• _Problem description_
Of all the entries below, retype only the lines from the one with "Toyota Vios (2011) (olx)" through the one with "Mizuno美津浓舒适包裹慢跑鞋WAVE SKY NEO众测报告", exactly as they appear.

• _Information provided_
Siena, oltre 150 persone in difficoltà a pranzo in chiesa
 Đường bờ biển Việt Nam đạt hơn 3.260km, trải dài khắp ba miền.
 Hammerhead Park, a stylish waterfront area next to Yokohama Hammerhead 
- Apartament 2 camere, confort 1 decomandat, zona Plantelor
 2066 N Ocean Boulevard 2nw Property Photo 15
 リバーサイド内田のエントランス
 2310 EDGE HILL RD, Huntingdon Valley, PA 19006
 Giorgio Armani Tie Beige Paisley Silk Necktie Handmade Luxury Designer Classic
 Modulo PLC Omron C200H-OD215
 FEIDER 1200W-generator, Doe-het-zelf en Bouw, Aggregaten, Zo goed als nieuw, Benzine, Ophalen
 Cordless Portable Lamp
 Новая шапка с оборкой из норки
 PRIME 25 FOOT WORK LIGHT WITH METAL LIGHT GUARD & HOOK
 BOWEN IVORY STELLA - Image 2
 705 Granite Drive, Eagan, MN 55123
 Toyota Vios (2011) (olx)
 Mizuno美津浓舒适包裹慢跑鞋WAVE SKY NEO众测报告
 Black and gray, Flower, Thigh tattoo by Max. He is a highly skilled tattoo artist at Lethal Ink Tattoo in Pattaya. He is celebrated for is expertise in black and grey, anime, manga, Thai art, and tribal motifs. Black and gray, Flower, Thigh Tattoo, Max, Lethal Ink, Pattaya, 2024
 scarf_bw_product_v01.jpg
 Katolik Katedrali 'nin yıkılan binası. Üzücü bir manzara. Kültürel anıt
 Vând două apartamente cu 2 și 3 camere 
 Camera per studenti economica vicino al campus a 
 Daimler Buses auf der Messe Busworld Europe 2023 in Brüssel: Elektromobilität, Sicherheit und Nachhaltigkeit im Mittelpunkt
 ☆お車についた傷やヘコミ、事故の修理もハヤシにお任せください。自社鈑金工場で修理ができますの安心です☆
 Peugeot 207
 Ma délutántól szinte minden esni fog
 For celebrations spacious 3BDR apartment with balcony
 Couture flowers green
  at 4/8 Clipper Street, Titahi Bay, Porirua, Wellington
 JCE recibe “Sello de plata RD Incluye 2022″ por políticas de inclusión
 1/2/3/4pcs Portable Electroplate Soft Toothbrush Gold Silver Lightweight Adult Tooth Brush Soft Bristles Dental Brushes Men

• _Output for this task_
 Toyota Vios (2011) (olx)
 Mizuno美津浓舒适包裹慢跑鞋WAVE SKY NEO众测报告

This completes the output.